Creeps aside, she did manage to find a nice young French man, Alex, who requested to stay for two nights in our “beach bungalow.” He had heard great things about sunny Santa Barbara; he had even seen the soap opera. He planned to take the train up from Los Angeles for a couple nights. And my roommate missed Europe enough to agree to take in this fellow traveler.
Unfortunately, though, our new guest didn’t realize that even UCSB students don’t always party on Monday and Tuesday nights. Too bad he wasn’t staying for OTT College Night Wednesdays, we told him. We did buy a few beers, made him pesto pasta, and introduced him to our favorite new HBO hit: Girls. Turns out, Lena Dunham is not the voice of his generation.
To try and make up for the estrogen overdose, we put on Workaholics. Turns out Anders, Adam, and Blake’s debauchery do not exactly coincide with his idea of humor either.
But the next morning, we showed him downtown State Street where he enjoyed a big breakfast “by the sea.” Despite the fact that the Frenchman’s expectations about “couch surfing” might have included temporary party companions and mobile tour guides, he posted a decent review for my roommate: “She is a very funny and watchful person … and I was able to taste a big pancake with the ocean view.”

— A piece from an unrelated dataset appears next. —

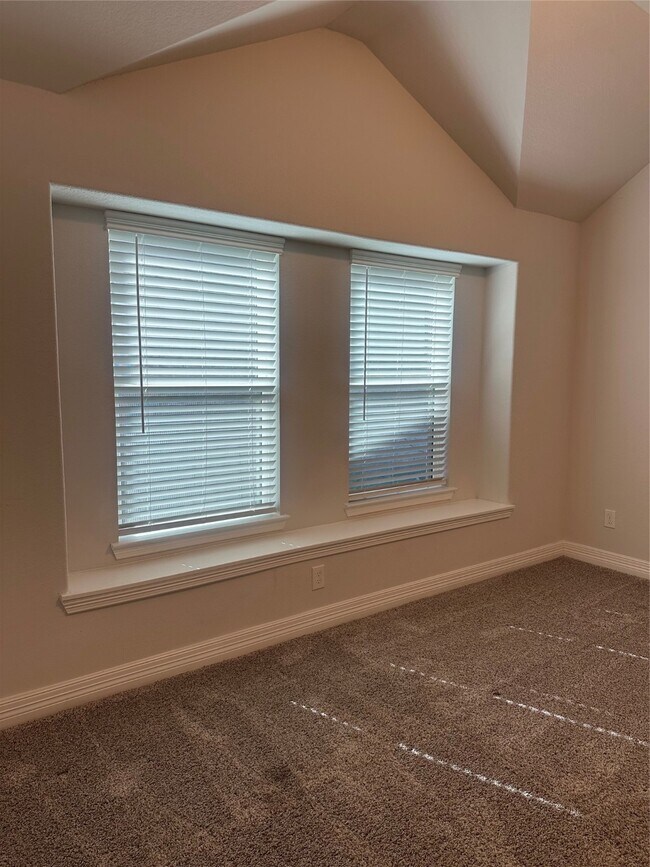 Building Photo - 5299 Cascade Ct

While drinking beer and watching TV in our college beach house may have been less eventful than he had anticipated, Alex’s experience in Santa Barbara was authentic. He could have stayed in a hotel on State Street and gone to Sharkeez on a Monday night with other out-of-towners. Instead, he hung with likeminded young people who loved to travel as much as he did and got a glimpse of a real weeknight college experience.

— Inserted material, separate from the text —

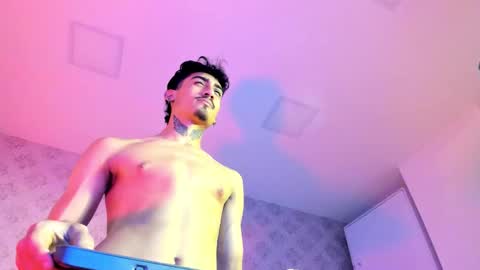 MR online show from November 19, 2025, 2:55 am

Essentially, Couchsurfing.org is based on reciprocity. After their stay, guests are expected to write reviews, positive, negative or neutral, on their host’s profile. Couchsurfing.org combines the personal profiles of Facebook with the consumer reviews of Yelp. The key to couch surfing is to find genuine people who take the time to fill out an extensive profile and have several positive reviews from previous interactions.

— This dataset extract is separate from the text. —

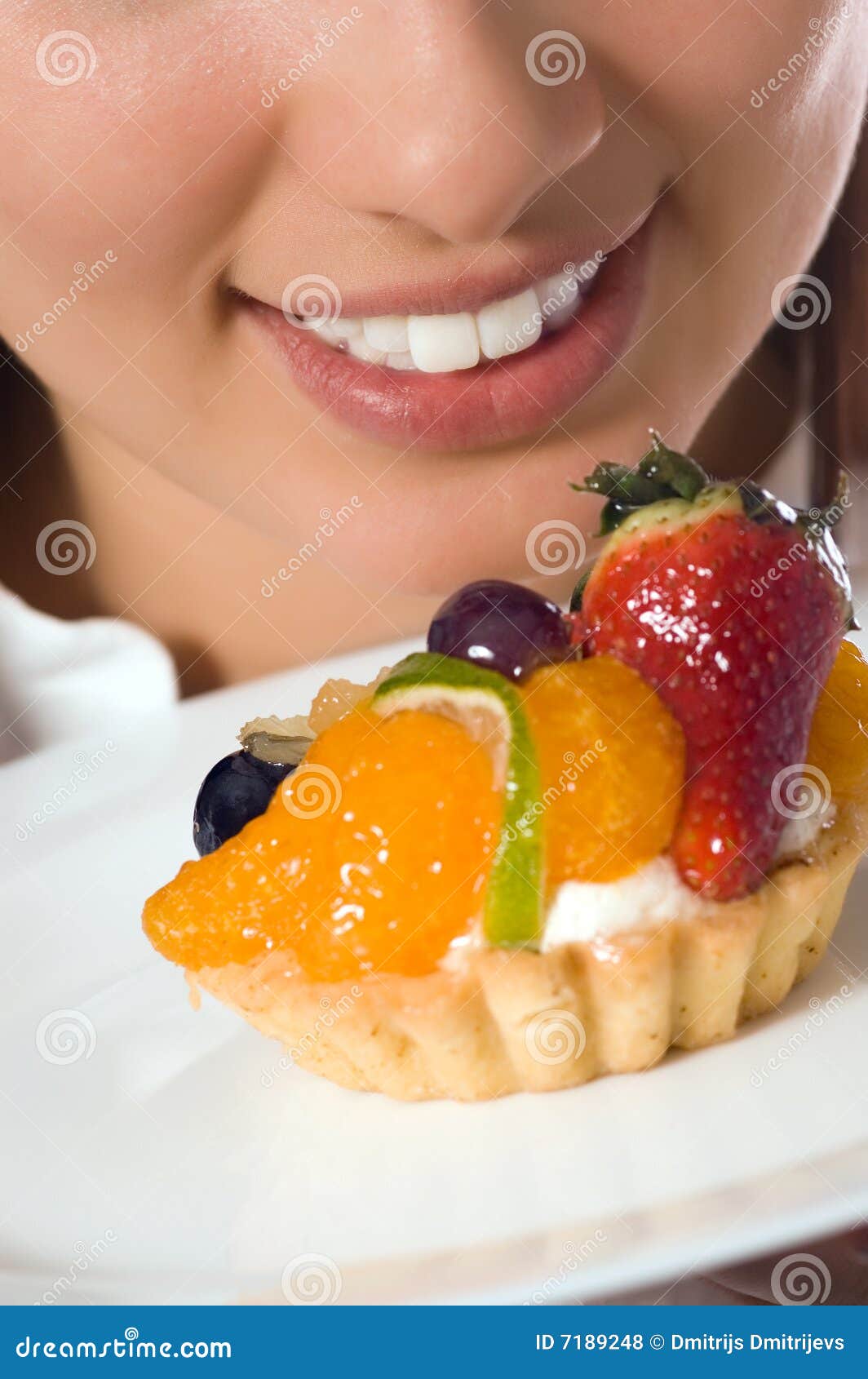 young woman with low-calorie fruit cake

The whole idea behind the site is that hosts can provide more than a place to sleep. It’s about increasing cultural exchange and shrinking the globe — not by wars or consumer goods but by ideas and alternative experiences. There are of course horror stories that should not be disregarded. There’s always a risk — whether you’re a host or a guest. Taking that risk though will undoubtedly expose you to an experience that’s impossible to get from a hotel room.
Even if crashing on complete strangers’ couches isn’t for you, the millions of great stories about couch surfing should tell you one thing: people are people. There are plenty of generous and awesome individuals out there waiting to share their lives with a fellow traveler for a short time. If the Internet can facilitate cultural exchange and once-in-a-lifetime experiences on a budget, I’d say that’s a better definition for “couch surfer” than idiots riding down the street on a couch attached to a pickup truck.